Еще один крайне любопытный мотив карельских плачей — прощание покойника с миром, когда он просит прощения за все зло, сознательно и непреднамеренно причиненное этому миру. Как отмечает автор, здесь раскрывается другая сторона отношений между живыми и мертвыми: получается, не только покойник может навредить живым в случае неподобающего к нему отношения, но и мир живых каким-то образом может навредить покойнику. Чтобы этого не произошло, покойник должен попросить прощения у тех мест и неодушевленных (с нашей точки зрения) сущностей, среди которых прошла его жизнь.
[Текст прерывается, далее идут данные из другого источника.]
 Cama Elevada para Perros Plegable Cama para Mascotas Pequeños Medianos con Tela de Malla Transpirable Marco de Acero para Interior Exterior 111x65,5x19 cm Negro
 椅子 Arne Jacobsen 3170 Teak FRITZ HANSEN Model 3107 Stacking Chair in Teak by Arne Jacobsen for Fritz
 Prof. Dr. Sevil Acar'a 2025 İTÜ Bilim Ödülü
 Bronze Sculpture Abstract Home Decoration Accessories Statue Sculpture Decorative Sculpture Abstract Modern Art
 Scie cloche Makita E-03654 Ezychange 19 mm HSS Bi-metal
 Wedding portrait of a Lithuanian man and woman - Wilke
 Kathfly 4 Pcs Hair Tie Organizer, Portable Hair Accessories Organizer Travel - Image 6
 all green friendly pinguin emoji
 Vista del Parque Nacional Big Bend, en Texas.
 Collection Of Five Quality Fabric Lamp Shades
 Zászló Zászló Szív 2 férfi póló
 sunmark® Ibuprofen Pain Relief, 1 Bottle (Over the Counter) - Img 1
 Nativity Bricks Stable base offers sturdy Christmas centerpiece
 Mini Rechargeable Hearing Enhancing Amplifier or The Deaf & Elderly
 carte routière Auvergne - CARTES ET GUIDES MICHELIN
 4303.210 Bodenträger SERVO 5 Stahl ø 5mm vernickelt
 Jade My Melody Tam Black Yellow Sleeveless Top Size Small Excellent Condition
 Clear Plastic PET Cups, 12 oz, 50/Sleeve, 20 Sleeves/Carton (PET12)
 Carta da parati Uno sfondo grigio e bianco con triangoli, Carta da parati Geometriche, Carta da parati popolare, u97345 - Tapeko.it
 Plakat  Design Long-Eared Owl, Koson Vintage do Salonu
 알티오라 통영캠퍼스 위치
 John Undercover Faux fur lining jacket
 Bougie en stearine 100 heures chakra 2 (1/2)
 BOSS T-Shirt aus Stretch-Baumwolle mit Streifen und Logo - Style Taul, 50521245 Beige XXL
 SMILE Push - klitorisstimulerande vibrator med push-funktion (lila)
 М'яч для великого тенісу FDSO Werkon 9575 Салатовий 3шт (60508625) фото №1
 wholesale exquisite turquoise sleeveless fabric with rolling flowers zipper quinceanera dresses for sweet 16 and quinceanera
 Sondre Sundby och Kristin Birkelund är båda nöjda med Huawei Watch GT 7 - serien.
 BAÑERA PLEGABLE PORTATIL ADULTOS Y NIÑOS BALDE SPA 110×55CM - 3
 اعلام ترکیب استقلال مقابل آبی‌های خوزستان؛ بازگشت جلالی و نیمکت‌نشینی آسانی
Эту обязанность приходилось исполнять за него плакальщице:

«Прости моего белого хорошего, это родное жилище, последние разочки! Kак знать, может за время пребывания на белом свете он похаживал по своему жилищу с недовольными словами. <...>

Простите моего пригожего хорошего, эти крыши, вытесанные топором, последние разочки!

Kак знать, может за время пребывания на пригожем свете он недобрые слова говорил, когда эти крыши тесал.

Прости моего белого хорошего, родное крылечко, последние разочки на белом свете!

Kак знать, может за время пребывания на белом свете он похаживал по своему крылечку с недобрыми словами...»

Далее Конкка пишет, что по пути на кладбище плакальщица в такой же форме обращается к лугам, где когда-то кашивал покойный, к пашне, которую он пахал, ко всему «божьему воздуху», к родному причалу, а если путь на кладбище лежит через реку или озеро, то и к самой воде:

«Kак знать, может он с недобрыми словами браживал по этим водам-житницам, когда частенько по этим водам-житницам плавал.

Простите красивого Спасушки красивые отмели моего красивого хорошего последний разочек, когда везут к красивым прародителям по красивым отмелям на восьмидужных поплавочках.

Ведь частенько мой красивый хороший по этим красивым отмелям плавал на восьмидужных поплавочках, пребывая на красивом свете.

Kак знать, может с горькими словами ходил по отмелям красивого Спасушки.

Простите моего славного хорошего зеркальные воды славного Спасушки последний разочек, когда к славным прародителям везут по зеркальным водам на шестидужных поплавочках».

Из процитированного следует, что человек за все время своей жизни никогда не бывает одинок, рядом с ним всегда есть некая неодушевленная сущность, которой можно причинить вред по неосторожности. В сущности, покойник — такая же сущность, но и он требует заботы, как и весь окружающий мир. И как человек не бывает одинок при жизни, так не должен быть одинок и после смерти: при переходе на ту сторону он услышит собачий лай, как если бы приближался к чьему-то дому темной зимней ночью, а плакальщица с помощью ритуального плача позовет кого-нибудь из умерших родственников выйти и встретить его, чтобы усопшему было не так страшно.